18 Eylül 2010 Cumartesi

murat boz başlıklı yazı

hayretler içinde kalıyorum her murat boz değişimde bi kaç tane blogda okudum buna benzer şeyler test etmek mahiyetinde deniyim dedim ki erkek egosu yerle bir.erkeklerin tahammül edemedikleri, direkt fredy kurıgır kesildikleri isim MURAT BOZ... adama türlü türlü isimler takılmışta haberimiz yok. biz kız kıza ağda sohbetleri yaparken onlar diş bilemişler hazırlık yapmışlar murat boz diyen dişilere karşı.kıskanmayı da geçtim ağza alınmıcak hakaretler türlü türlü iftiralar.nedir sonuç bizim için adriana limalar ne ise murat bozda onlar için öyle. fark ise şu biz biraz olsun onlar gibi olabilmek için kıçımızı yırtarken, erkeklerin tüm barzoluklarına devam etmesi.iki küfür savurup ondan (sözde) erkekliğiyle kendini üstün kılması.

kadının erkeği, erkeğin kız gibi olanı makbul şu sıralar.velhasıl bende bi alıcı gözüyle bakınca beğeniverdim murat bozu.neydi onu diğer erkeklerden ayıran? erkeksi olmamasının yanında bi o kadarda seksi oluşu olabilir mi? erkeğim ben ulan erkek diye haykıran hanzoların yanında, o kadar masum o kadar bebek yüzlü kalışı mı?
yoo değil bence onun farkı sadece sizin onun ismini duyduğunuzda verdiğiniz tepki.güneş en tepedeyken tam saat 12 de bile onun olmayan gölgesi altında ezilmeniz.aslında yok öyle biri murat boz yok rahat olunuz.
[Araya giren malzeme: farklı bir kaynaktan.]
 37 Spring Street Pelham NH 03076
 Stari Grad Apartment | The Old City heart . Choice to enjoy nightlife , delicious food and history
çekemiyosunuz siz çekemedikçe biz kendimizi murat bozlara adıyoruz.40 yılda bi hem seksi hem yakışıklı hem karizmatik hem şarkıcı hem sporcu hem ayakkabı bağlayıcı :Pp bulmuşuz çok mu. hepimize yeter murat boz hepimiz nasipleniriz,nemalanırız bi ucundan.sizin egolarınız çöker bizi adriana lima sanırsınız...
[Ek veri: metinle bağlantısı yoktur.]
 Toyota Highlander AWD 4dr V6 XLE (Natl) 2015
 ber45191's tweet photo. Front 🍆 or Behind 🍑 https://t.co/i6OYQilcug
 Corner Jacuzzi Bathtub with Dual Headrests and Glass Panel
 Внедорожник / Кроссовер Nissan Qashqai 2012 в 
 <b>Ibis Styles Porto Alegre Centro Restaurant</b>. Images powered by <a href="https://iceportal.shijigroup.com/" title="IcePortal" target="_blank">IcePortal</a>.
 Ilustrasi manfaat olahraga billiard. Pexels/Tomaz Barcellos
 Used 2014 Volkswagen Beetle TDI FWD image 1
not: eğer sevgilinizin az konuşmasından şikayet ediyorsanız çözüm basit.Murat boz deyin yeter. :Pp

16 Eylül 2010 Perşembe

uzun uzun yazıp uzun uzun siliyorum...bu sayede unuttuğumu zannedip rahatlıyorum.
bugün bakkalın oğlu bana pandik attı, otobüsten inerken eteğime bastım külodum göründü ya da ben aşık oldum gibi değilde daha çok can sıkıcı şeyler...yazıp yazıp siliyorum.hem yazmış oluyorum yani rahatlamış hemde unutmuş olduğuma inanıyorum gerçi eteğime bassam ve kilodum görünse eminim bunuda unutmak isterdim.
ama bakkalın oğlu pandik falan atıcaksa atabilir onu 48 punto kırmızılı kırmızılı yazarım :Pp

herneyse bunu silmiyim en iyisi kime ne ki

2 Eylül 2010 Perşembe

norah jones-rain

başka türden bir mutluluk
küçük elleri var, küçücük ayakları ve kırmızı yanakları
tazelediğim, öldürüp öldürüp yeniden nefes verdiğim aynadaki ben
şimdi eskiden olduğu gibi...

aynı rüyaları görüyorum
aynı giyiniyorum
ve aynı gülümsüyorum

tekrar başlama ve her seferinde daha güçlü
daha çok gülerek ve sükr ederek
bu gücü bana verdiğin için teşekkür ederim
ellerim için, gözlerim ve herşey için
kosarken 'arkana bakma,sakın dönme geri' iç sesini bana verdiğin için
bir iç sesim olduğu için
var ettiğin için teşekkür ederim...

yarına sakladığım hiç bir sevgi yok içimde
biriktirdiğim param ya da gerçek olmayacak hayallerim
ben bu günü yaşadım
ertelemeden, düşünmeden
düşmek olsada ucunda
ölüm bile
başka türlü bir mutluluk bu
soyuttan somuta terfi etmiş
imaları var, mimikleri küçük küçük
kafasını hafif yana eğip gülümseyen
neyi varsa ortaya döken ve ben buyum diyen...

ateş ettin her seferinde
ben canım yana yana çıkarıp yaramdan
gözlerimi kapadım kalbime koydum onları aşk diyerek
silahında ki tek kurşun beni vurmaz
hazırım ben
neyle gelirsen gel
başa dön, geldiğin yere
fırlat tüm silahlarını, soyun hatta
beni artık hiç bir parçan vuramaz

bir pazar günü ekmek keserken kanıycak elin
önce ağzına sokucaksın elini
sonra peçeteye sarıcaksın
ufacık bir kesik sıçratıcak seni
canının acımasına şaşırıp
kafanı sallıycaksın
ve hiç bir zaman anlayamayacaksın
sen benim derimi yüzerken
içime girmek için
seni sevmem için
beni öldürürken
ne kadar kanadığımı
ne kadar korktuğumu kanamaktan
ve senin sadece bir saatlik mutluluğun için oluk oluk aktığımı
sen elini kesme diye
sen hiç düşme diye
gittiğimi...

1 Eylül 2010 Çarşamba

hazmetmek ya da edememek

yalanlara bir çelme daha, o da benden gelsin
koşarak arabaları sollamak gibi hem bir yasak ta yok bununla ilgili
kaldırımlar ne güne duruyo işte bu yüzden varlar
üzerlerine basa basa canını yaka yaka önüne bile bakmadan koşarsan geçersin, gözüne kestirdiğin herhangi bi arabayı...ilerde trafik var durur elbet biyerde...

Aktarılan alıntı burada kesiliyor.